According to the IPCC, holding temperature rise below 1.5°C will mean global emissions of CO2 will need to decline by 45% from 2010 levels by 2030, and reach net zero by 2050.

To keep this goal within reach, renewables will need to provide some 85% of global electricity by the same year, while the use of coal will have to be nearly eliminated.

The Science Based Targets initiative (SBTi) recognizes the urgency laid out by the IPCC’s 1.5°C report and supports its call for unprecedented, rapid and far-reaching transitions in energy, land, urban, infrastructure and industrial systems.

The role of companies

As key actors within all of these systems, companies must play a leading role in facilitating these transitions.

The SBTi aims to provide companies with a clearly-defined pathway to future-proof growth by aligning their strategies with the goals of the Paris Agreement and strives to use the most up-to-date climate science to aid companies in their target-setting process.

More than 490 companies are already developing business strategies that are aligned with the Paris Agreement’s goal of limiting temperature rise to well-below 2°C. As these companies recognize that greater ambition reaps greater benefits, some are now also pursuing 1.5°C aligned emissions reductions targets and committing to be net-zero by or before 2050.

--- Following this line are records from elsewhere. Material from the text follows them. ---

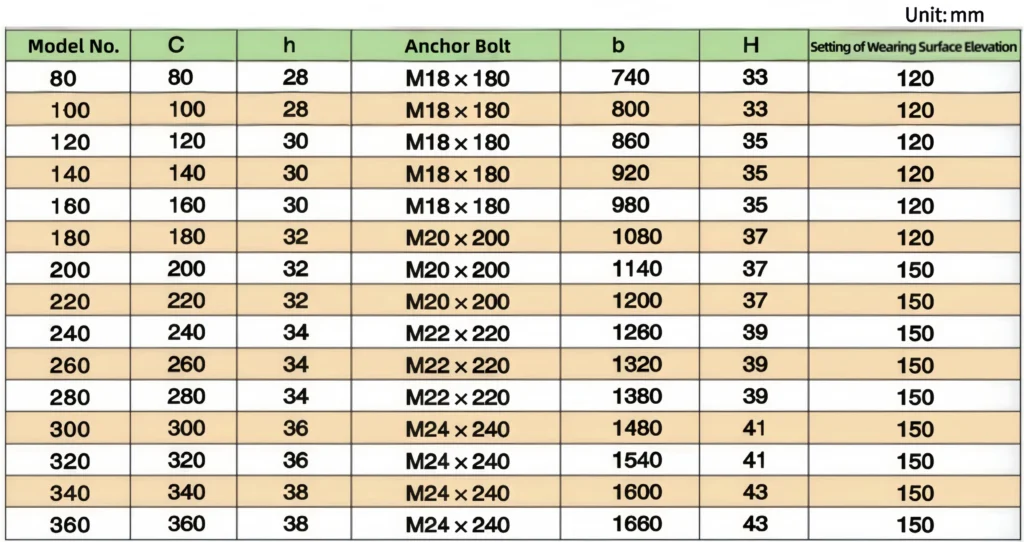 Finger Bridge Expansion Joint Model Specification Table, 80-360mm Displacement Size Chart with Anchor Bolt Parameters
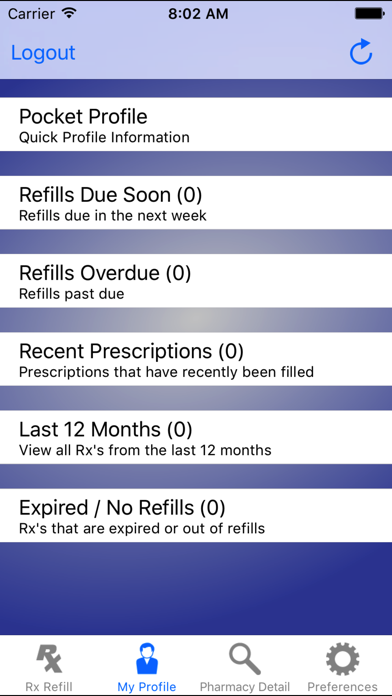 Express Drug Screenshots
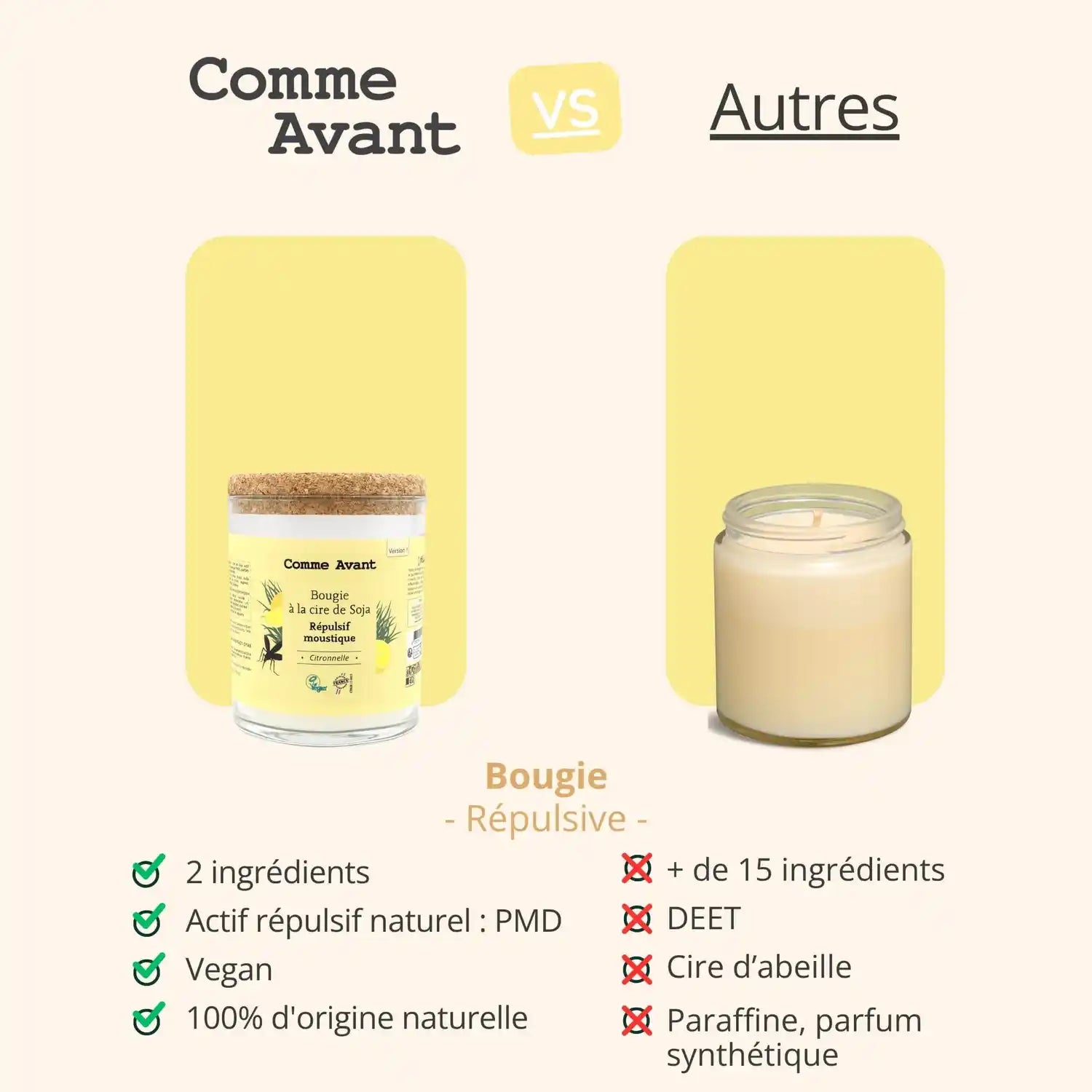 Comparatif entre la Bougie citronelle anti-moustique à la cire de soja Comme Avant et celles des autres marques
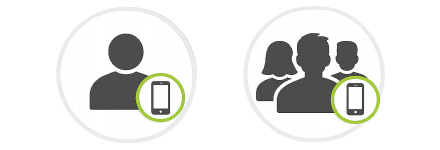 Individual User Accounts and Shared Users Accounts Individual User Accounts and Shared Users Accounts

These corporations are signalling the emergence of a ‘new normal’ in the way business are developing their strategies for the future, but we need all companies to follow in these leaders’ path and align their business strategies with what the science says is needed to avoid the worst impacts of climate change.

Meanwhile, in the light of the IPCC’s Special Report, we need those leaders to continue to raise the bar in line with the latest science and push governments across the globe towards doing the same.

The SBTi and 1.5°C

To support this aim, the SBTi will be reviewing its target setting resources and target validation protocols to take into account the updates to scenarios published as part of the Special Report and enable companies to set targets that are aligned with 1.5C pathways.

These changes will be reflected in the next round of annual updates to the SBTi’s resources and will take effect in early 2019. Details on this will be made public in due course.

Advising on this process will be a newly formed Scientific Advisory Group, consisting of leading climate scientists from across the global, which convened for the first time in late September and which will ensure that all updates of the underlying science are appropriately taken into account in the SBTi’s resources.

The IPCC’s latest report is a stark reminder of both the immense stakes involved in a changing climate and the dramatic scale and pace of the transition required.